Healthcare practitioners will also need to be engaged to answer questions their patients might have about the risks and benefits of a vaccine, Merck’s Gerberding told the House subcommittee Tuesday.
"It's not enough to have a government spokesperson or a manufacturing spokesperson, we really need to engage people who are trusted and often those are doctors," she said.
Social media has strengthened anti-vaccination activists, and public health specialists are preparing to respond to that.
"[People] have to figure out who’s telling the truth and then absorb the information that’s being shared," Blumenstock said. "We're looking at how we can level the playing field using the formats that today's members of the public are looking at."
Vaccination by law
Mandates may still come into play, although they may be easier to enforce by employers and schools than a broad population order.
Healthcare workers, for example, could be one group required to get a coronavirus shot. Fears of legal liability, though, could push more types of employers to consider mandates, especially since workplaces like call centers and meatpacking plants have been sites of "superspreading."
In a recent commentary in the New England Journal of Medicine, public health law scholars set out standards that should be met before any government imposes a broad population mandate. Most deal with availability, accessibility and supply, but voluntary uptake among priority groups must also be lower than the level required to prevent epidemic spread, they wrote.
The Centers for Disease Control and Prevention's Advisory Committee on Immunization Practices (ACIP) is developing a framework for a vaccination program. It will prioritize which people will qualify for the first doses of an authorized vaccination, likely based on employment in a critical role, if the pattern from the 2009-2010 influenza pandemic is followed.
ACIP will meet next on July 29.
Even a mandate won't guarantee universal vaccination. The government can only penalize a person for refusing vaccination, and can't actually force them to get vaccinated, Navin noted.
Previously, when states have tightened laws on vaccination requirements for schools, he said, they have been on party-line votes, which has had the effect of politicizing the issue of vaccination.
Working within current approaches to vaccination mandates could help ensure greater adherence, said Y. Tony Yang, a professor and executive director of the Center for Health Policy and Media Engagement at George Washington University School of Nursing.
"Say, for example, if you want to get an exemption, you should have to watch a video or have a counseling session with your doctor," Yang said.
Fueling doubts
The federal government may have encouraged vaccine doubters in the way it has portrayed the coronavirus development effort as a race, and moved with unprecedented speed to authorize late-stage trials, said NYU's Caplan.
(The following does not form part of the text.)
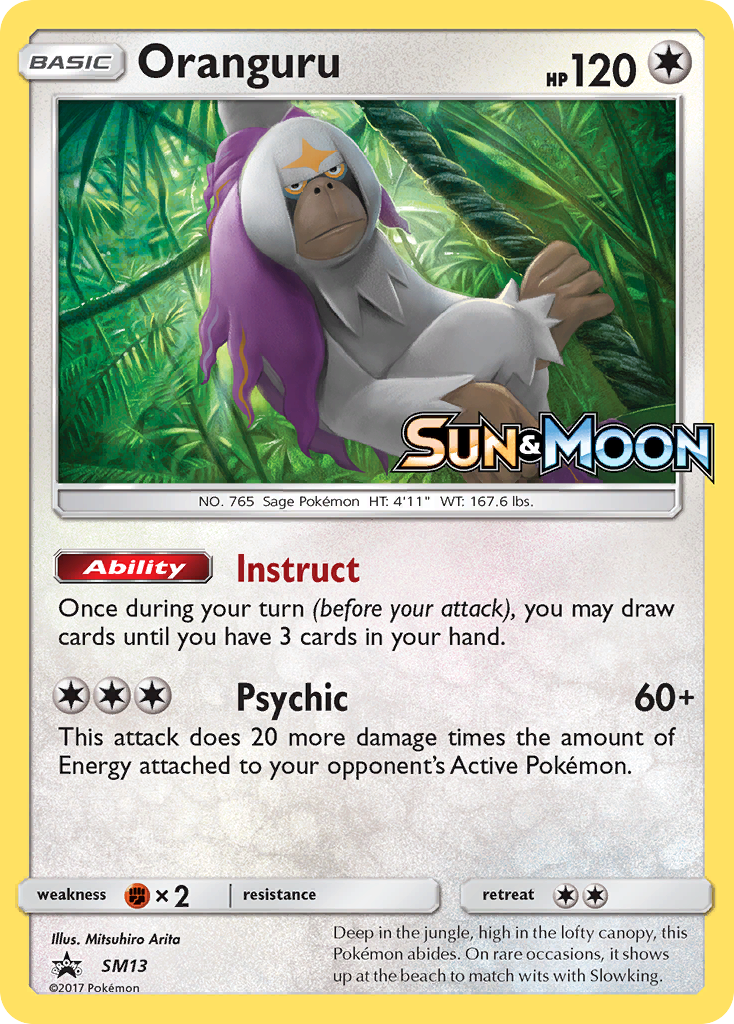 Oranguru (SM13) [Sun & Moon: Black Star Promos] | Game Master's Emporium (The New GME)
The haste could leave the impression that pharma companies, researchers and regulators are cutting corners on safety, he said.
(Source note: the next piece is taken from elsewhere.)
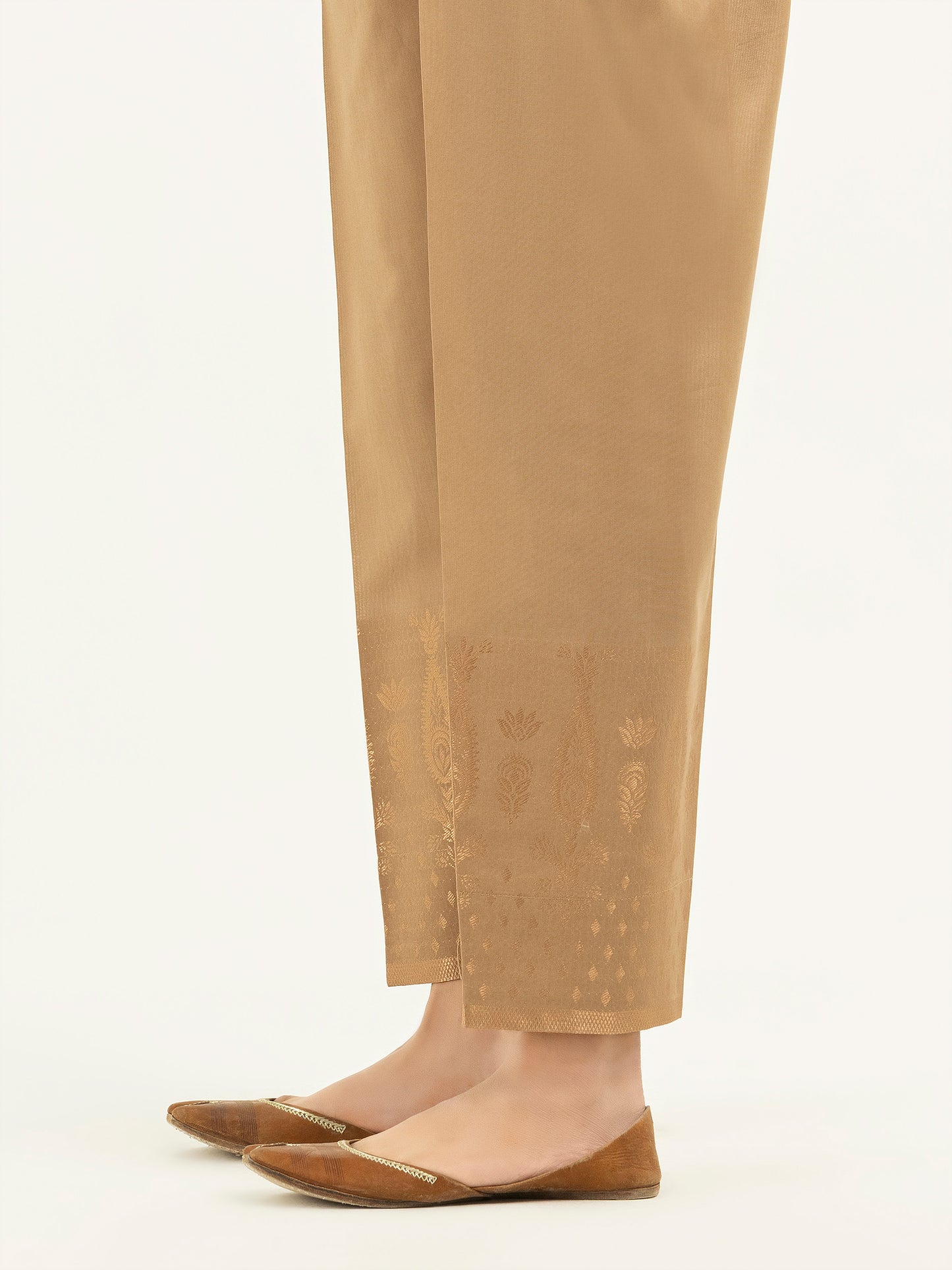 Jacquard Straight Trousers(Pret)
"Safety has to be part of all the language and communication about any vaccine. You have to talk about the race to find a safe vaccine," he said.
Gerberding and other pharmaceutical company executives testifying on Tuesday repeatedly stressed that their development speed would not compromise the quality of scientific evidence they're collecting. FDA officials have similarly said the agency will not cut corners in a review of any vaccine.
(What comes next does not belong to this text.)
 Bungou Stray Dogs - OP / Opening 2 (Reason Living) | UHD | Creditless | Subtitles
Unfortunately, the federal government's trustworthiness on any measure to control the pandemic will likely be called into question, Navin said, citing the advice from the surgeon general's office and other agencies early on discouraging facemask use, which was given to preserve the supply of personal protective equipment for hospitals.
"They told the public that masking was not beneficial even though that maybe that was a deliberate lie," he said. The disappointing levels of face mask use shows that public health officials' achievement of a short-term objective "undermined long-term things they care about."